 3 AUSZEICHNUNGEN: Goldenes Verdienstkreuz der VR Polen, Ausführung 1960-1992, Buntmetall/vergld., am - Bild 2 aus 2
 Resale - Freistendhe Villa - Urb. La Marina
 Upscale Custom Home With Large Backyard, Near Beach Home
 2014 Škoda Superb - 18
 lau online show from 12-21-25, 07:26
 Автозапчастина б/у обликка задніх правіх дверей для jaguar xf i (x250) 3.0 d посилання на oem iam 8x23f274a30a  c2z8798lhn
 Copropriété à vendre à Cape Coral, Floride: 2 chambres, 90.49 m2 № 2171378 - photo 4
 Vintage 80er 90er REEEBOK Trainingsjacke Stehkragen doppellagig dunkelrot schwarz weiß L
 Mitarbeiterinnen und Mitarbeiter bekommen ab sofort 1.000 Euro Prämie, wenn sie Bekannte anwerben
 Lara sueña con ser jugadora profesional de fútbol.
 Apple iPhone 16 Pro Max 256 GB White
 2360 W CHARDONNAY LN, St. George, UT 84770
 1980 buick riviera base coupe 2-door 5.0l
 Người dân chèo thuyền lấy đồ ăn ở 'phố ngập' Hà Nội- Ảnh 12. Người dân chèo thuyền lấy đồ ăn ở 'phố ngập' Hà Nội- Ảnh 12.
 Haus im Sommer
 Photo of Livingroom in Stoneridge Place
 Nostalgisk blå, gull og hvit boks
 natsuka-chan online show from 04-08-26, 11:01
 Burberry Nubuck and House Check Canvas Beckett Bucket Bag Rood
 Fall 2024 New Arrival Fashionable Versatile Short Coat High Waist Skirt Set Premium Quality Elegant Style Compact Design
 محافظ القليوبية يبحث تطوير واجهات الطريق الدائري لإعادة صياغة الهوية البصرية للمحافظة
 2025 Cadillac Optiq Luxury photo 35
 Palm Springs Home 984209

- - -

_What is expected_:
The last part of the records is the answer, beginning at the line that holds "Ảnh 12. Người" and including the final line, repeated exactly.

_Response_:
 Người dân chèo thuyền lấy đồ ăn ở 'phố ngập' Hà Nội- Ảnh 12. Người dân chèo thuyền lấy đồ ăn ở 'phố ngập' Hà Nội- Ảnh 12.
 Haus im Sommer
 Photo of Livingroom in Stoneridge Place
 Nostalgisk blå, gull og hvit boks
 natsuka-chan online show from 04-08-26, 11:01
 Burberry Nubuck and House Check Canvas Beckett Bucket Bag Rood
 Fall 2024 New Arrival Fashionable Versatile Short Coat High Waist Skirt Set Premium Quality Elegant Style Compact Design
 محافظ القليوبية يبحث تطوير واجهات الطريق الدائري لإعادة صياغة الهوية البصرية للمحافظة
 2025 Cadillac Optiq Luxury photo 35
 Palm Springs Home 984209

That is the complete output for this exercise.